I’m no OOP expert, but I tended to write my classes a certain way. I delegated any initialization logic to the constructor. It makes sense, doesn’t it? You’ve got some code that should run first. Why not put it in the method/function that gets called first? And so, I would trot along, happily writing code like this:

class Date(object):
  def __init__(self, date_str):
    (m,d,y) = date_str.split('/')
    self.month = int(m)
    self.day   = int(d)
    self.year  = int(y)

It wasn’t until I came across PGPy’s documentation that I noticed something: their code doesn’t resemble your typical Python code. Take, for instance, their PGPMessage class:

# this creates a standard message from text
# it will also be compressed, by default with ZIP DEFLATE, unless otherwise specified
text_message = pgpy.PGPMessage.new("This is a brand spankin' new message!")

# PGPMessage will automatically determine if this is a cleartext message or not
message_from_file = pgpy.PGPMessage.from_file("path/to/a/message")
message_from_blob = pgpy.PGPMessage.from_blob(msg_blob)

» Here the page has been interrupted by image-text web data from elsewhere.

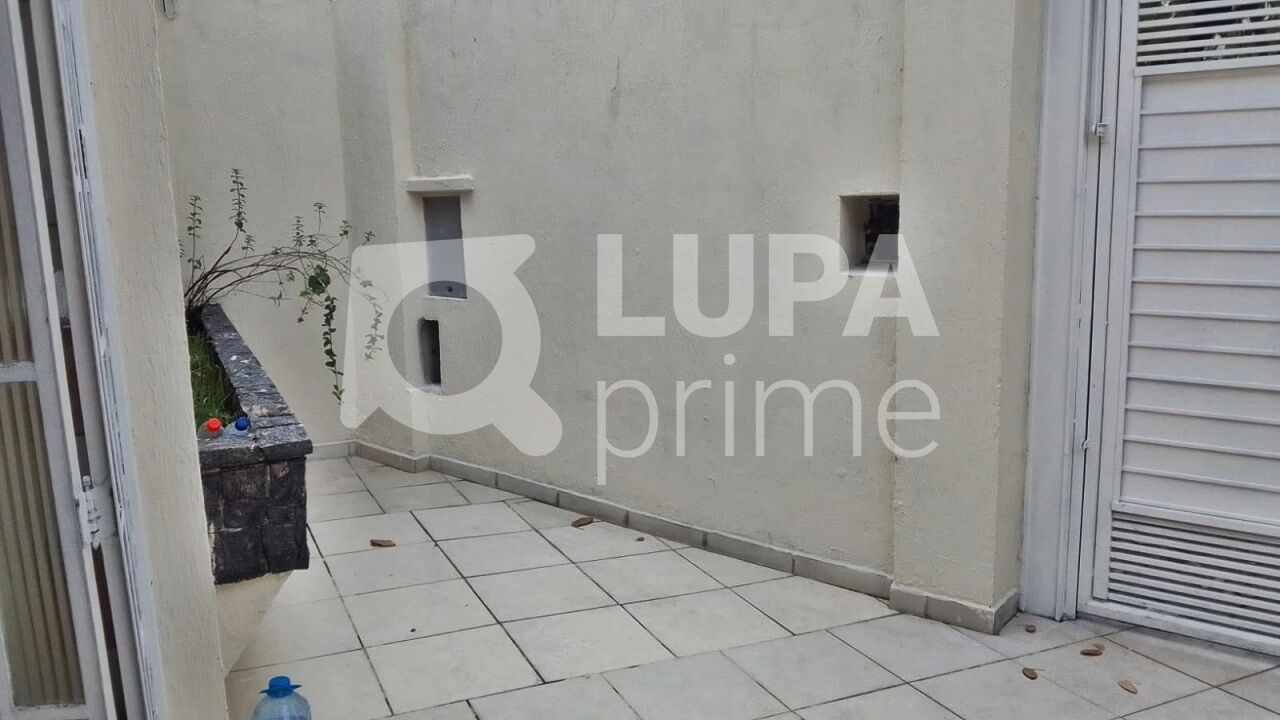 sobrado-venda-sao-paulo-vila-isolina-mazzei-3dormitorios-1suite-3vagas-110m2-LM25445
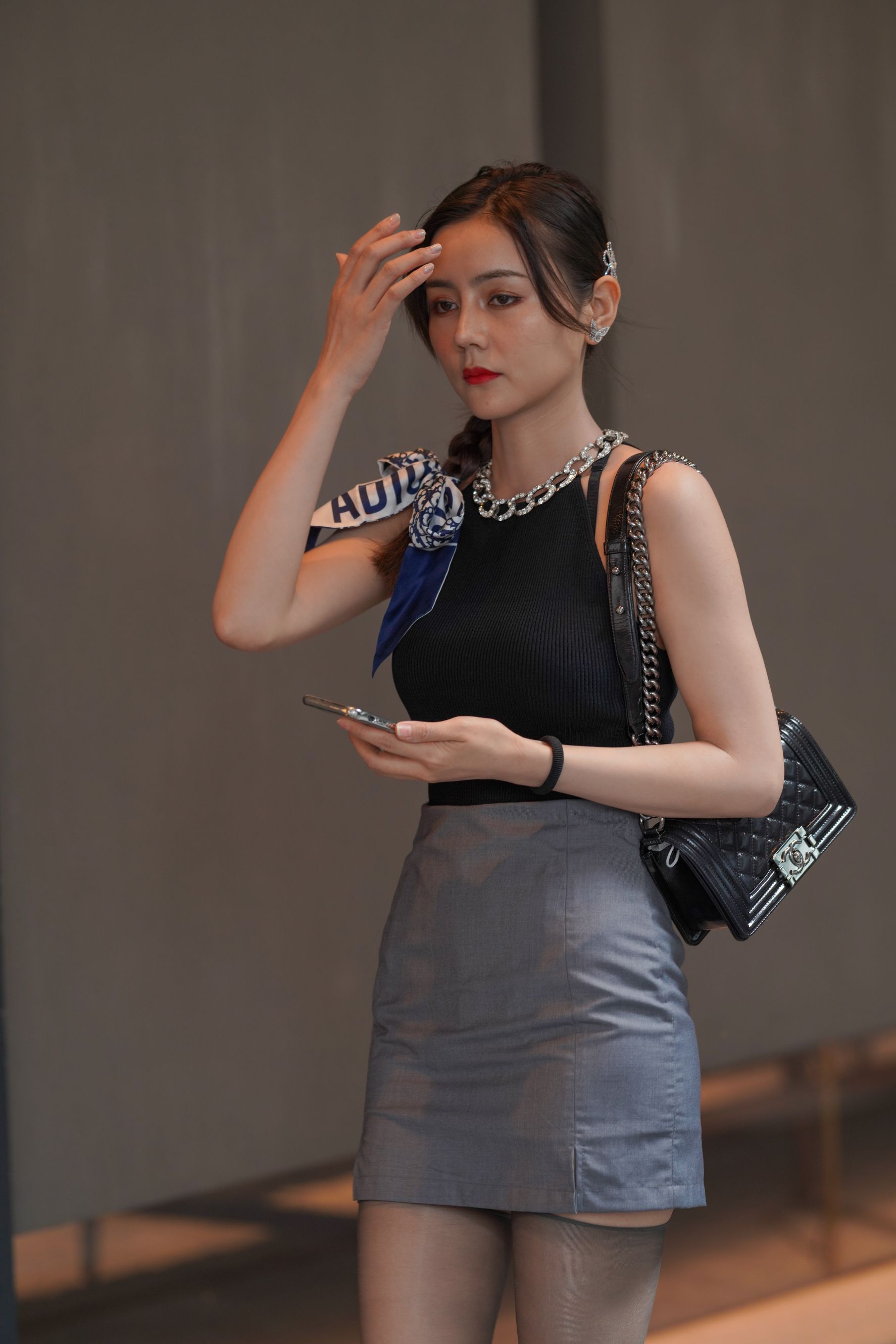 35297-43iclizz3mh.jpg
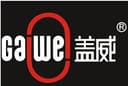 Jiangsu Gaowei International Trading Co., Ltd.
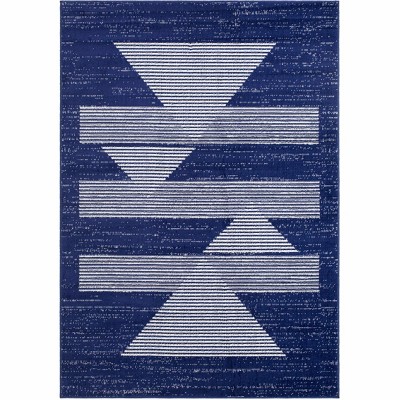 Hauteloom Yahir Area Rug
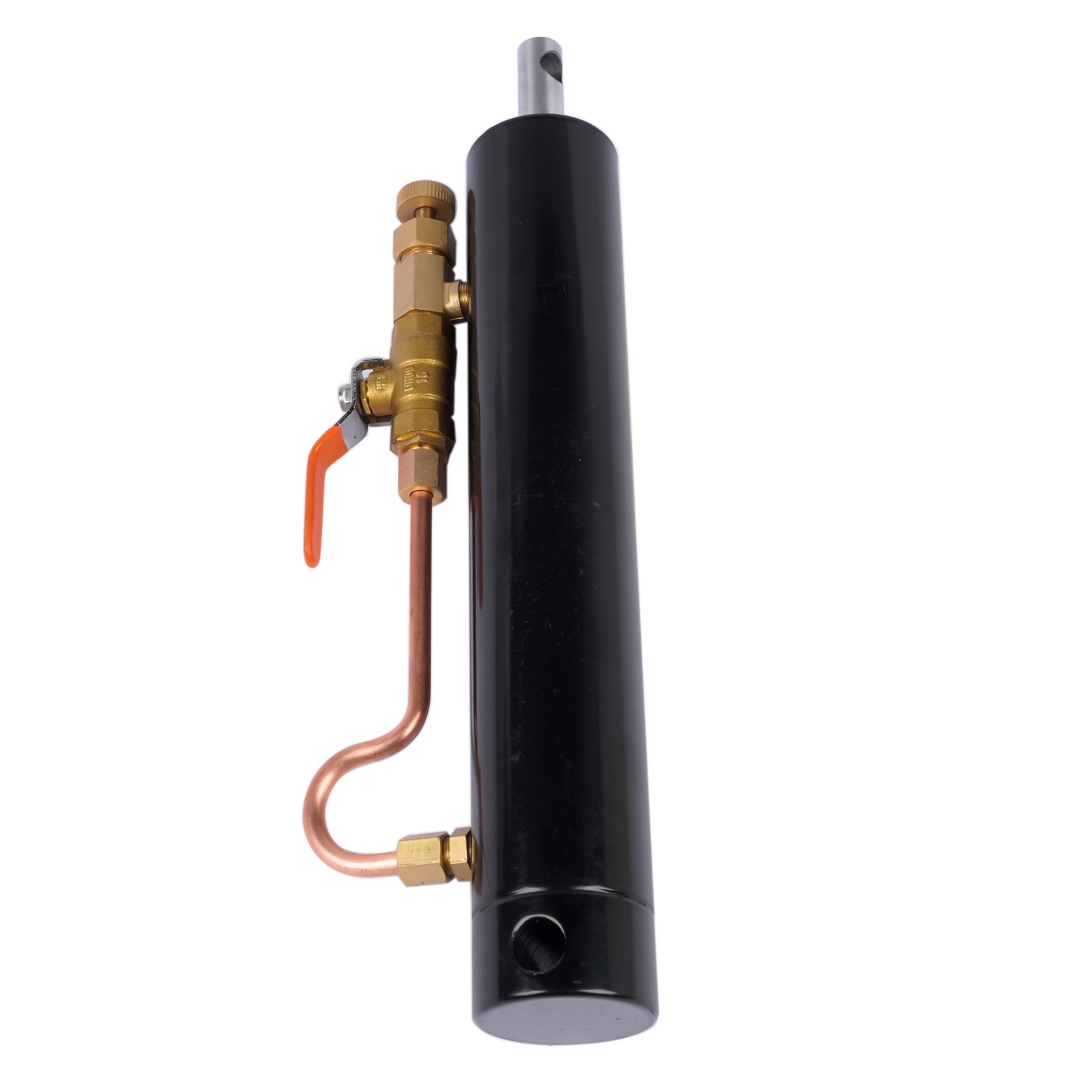 New Hydraulic Cylinder BS-712N BS-712R BS-712B fits for Metal Cutting Band Saw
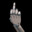 bot1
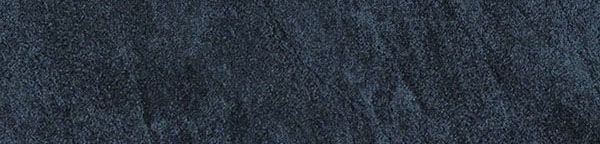 Керамогранит лэнд коал 7,2x30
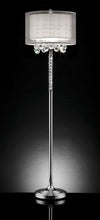 Load image into Gallery viewer, Lila Floor Lamp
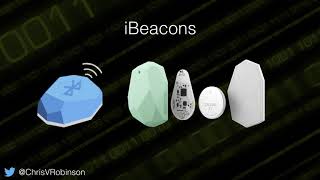 Kivy tutorials: Developing apps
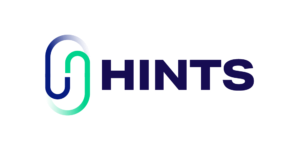 HintsHub Platform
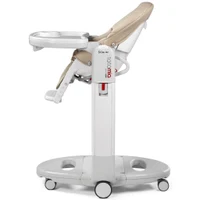 Scaun de masa Tatamia follow me Astral, Peg Perego 7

What is this from_blob() stuff? Why no constructor, PGPMessage?

Although I couldn’t quite put my finger on it, something about this code appealed to me. After a few months, it dawned on me: PGPy’s code cleanly separates behavior from data.

Code && Data

In typical Python code–à la Python Standard Library–the arguments of a constructor or function determine the behavior of that class or function, respectively. For example, Python’s tarfile.TarFile class can do several things, depending on how it is called:

from tarfile import TarFile

# open tarball via file path
TarFile('path/to/file.tar')

# open tarball via file object
with fh:
  TarFile(fileobj=fh)

If I were to rewrite PGPMessage in this form, it might look something like this:

class PGPMessage(object):
  def __init__(self, new=None, from_file=None, from_blob=None):
    if new_message is None:
      # ...
    elif from_file is None:
      # ...
    else:
      # ...

text_message = PGPMessage(new="This is a band spankin' new message!")
message_from_file = PGPMessage(from_file="path/to/a/message")
message_from_blob = PGPMessage(from_blob=msg_blob)

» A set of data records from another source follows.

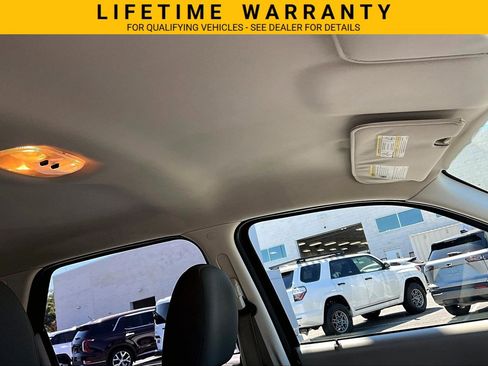 Used 2011 Ford Escape XLS w/ 101A Rapid Spec Order Code FWD image 18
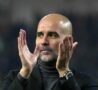 Ha già stregato Guardiola: 40 milioni a Milano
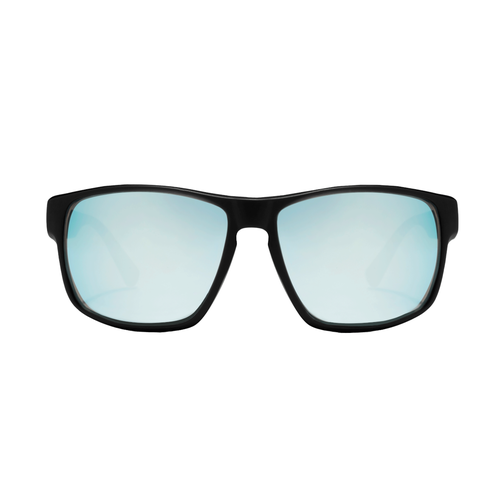 Nos Lunettes de Soleil Faster - Chrome - Hawkers - Modalova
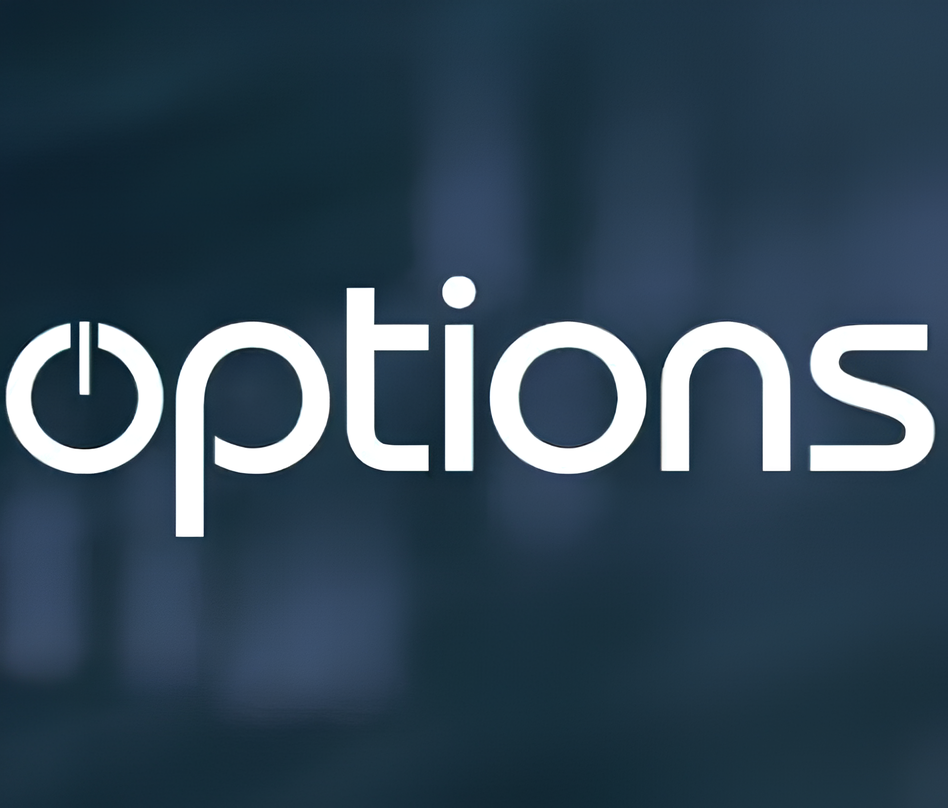 Options Technology lansira komercijalni kvantni računalni pristup u New Yorku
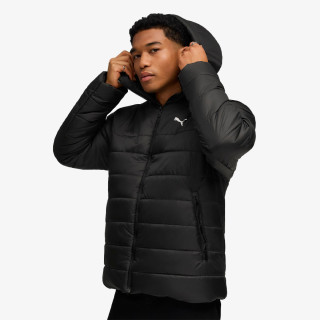 Puma PUMA ESS Hooded Padded Jacket 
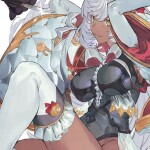 T7MPXm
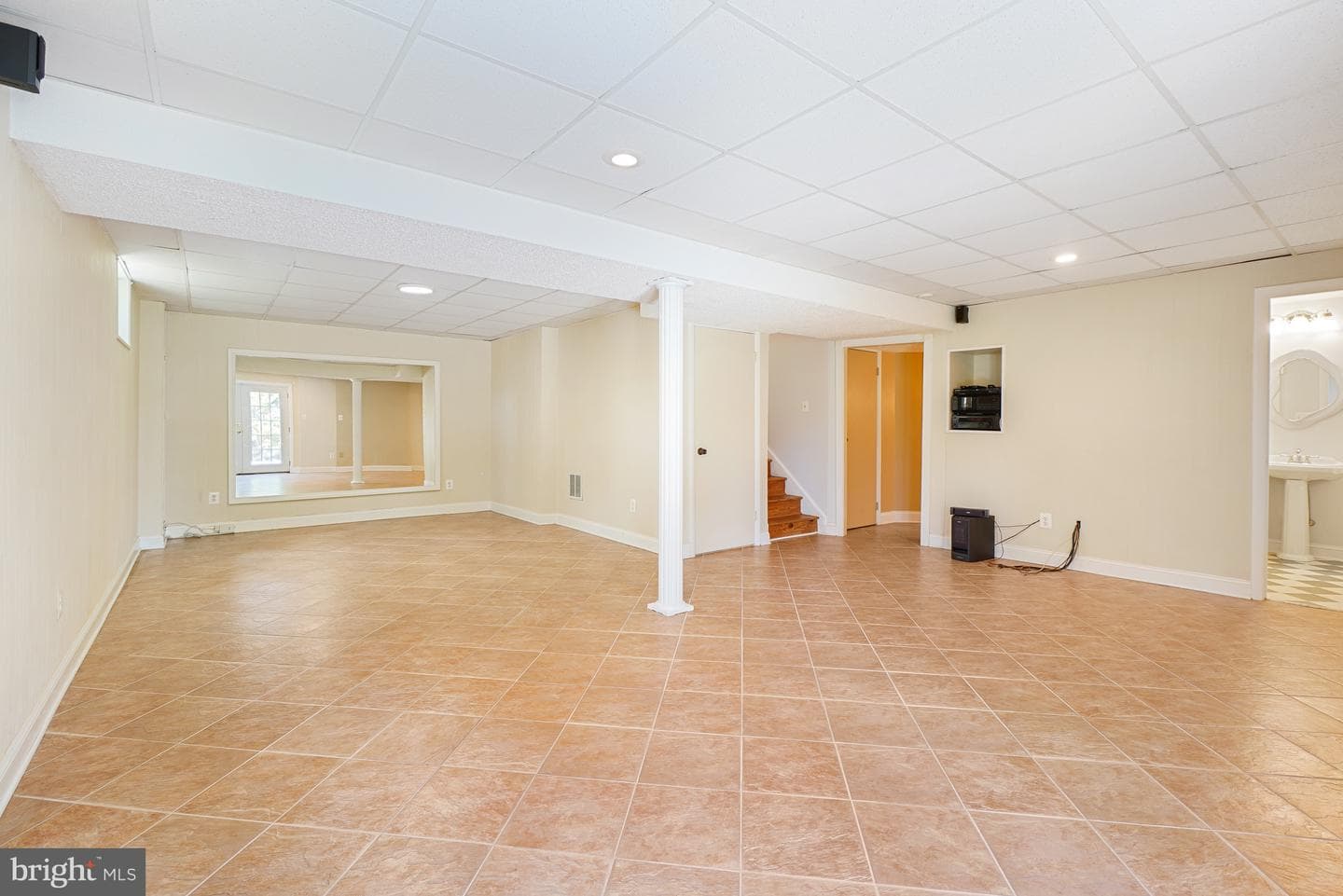 17413 Cherokee Lane photo 33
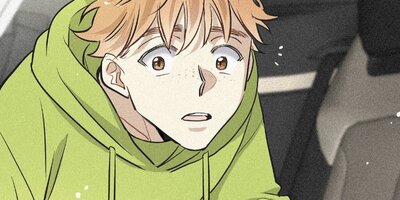 ̾���ˤ�������������������Ȥ��뤫����4�áڥե륫�顼��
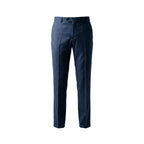 Mulish Robe Homme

The problem with this, with conflating all of your “constructors” through the single interface of a function call, is that you mix behavior and data. As a result, your class will be harder to test, because every test instance of an object will execute (potentially buggy) boilerplate code as part of the constructor:

# Did `is_today()` fail or did `Date()` fail? ¯\_(ツ)_/¯
def test_date_is_today():
  assert Date('7/19/2016').is_today()

Code || Data

The solution is to separate your code from data. Let the class constructor–hereby referred to as the Data Constructor–set (and only set) the object’s members. Treat the class like a namedtuple. And leave the initialization and all of the code that goes with it (input validation, boilerplate, pre-conditions, etc.) for the class methods, which would return an instance of the class:

class Date(object):
  def __init__(self, month, day, year):
    self.month = month
    self.day   = day
    self.year  = year

  @classmethod
  def from_str(cls, date_str):
    (m,d,y) = date_str.split('/')
    return cls(m, d, y)

There are numerous benefits to doing so (like readability), but the one I want to focus on is the benefit to unit testing.

Data Constructors ⇒ Better Unit Tests

Recall that a unit test is so named because it tests the smallest semantic unit of your code, arguably a function or method. It should test no more that that.

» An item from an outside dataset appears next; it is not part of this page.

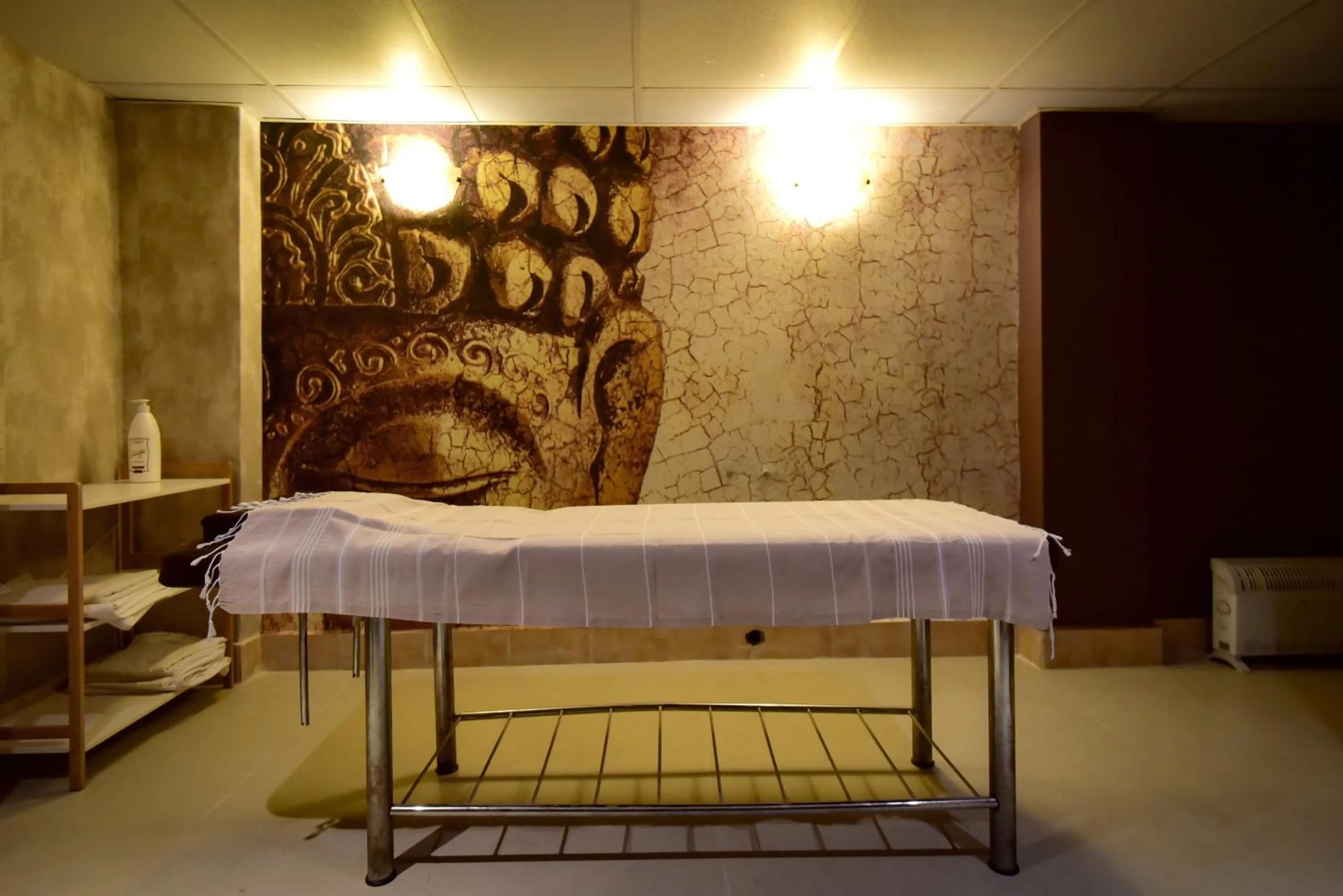 Rhodopi Home Hotel Chepelare- Half Board & Wellness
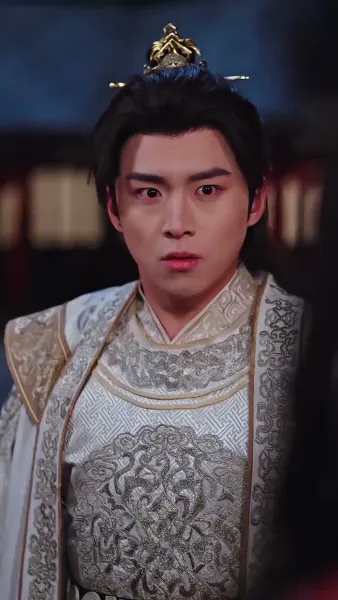 [พากย์ไทย]อำนาจทำให้ใจมืดบอด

Yet, the above unit test does exactly that: it tests more than one unit, namely the method is_today() and the constructor, __init__(). By separating code from data, these unit tests will only test the appropriate unit, making debugging that much easier:

# only testing `Date.is_today()`
def test_date_is_today():
  assert Date(7, 19, 2016).is_today()

# only testing `Date.from_str()`
def test_date_from_str():
  assert Date(7, 19, 2016) == Date.from_str('7/19/2016')

Conclusion

Not only are data constructors better for unit testing, but they’re also more readable, especially with more than one “constructor” in the constructor.

Separation of code and data is not a new concept. Nor is it exclusive to Functional Programming. Remember SQLi attacks? They’ve been on the tippy top of the OWASP Top Ten for 2013 and 2010! (And probably even longer than that). SQLi is the poster boy of mixing code and data.

Updates

  • As /u/k3ithk correctly pointed out, in Python, the constructor of a class is actually __new__(), not __init__(); __init__() is actually the initializer. The argument is still valid. Overlook my ignorance. Just know that when I said “constructor,” I meant __init__().
  • As /u/deltageek pointed out, this (refactoring) is not a new concept, nor is it a Python-only concept. Another, more-popular name for this is Factory Method.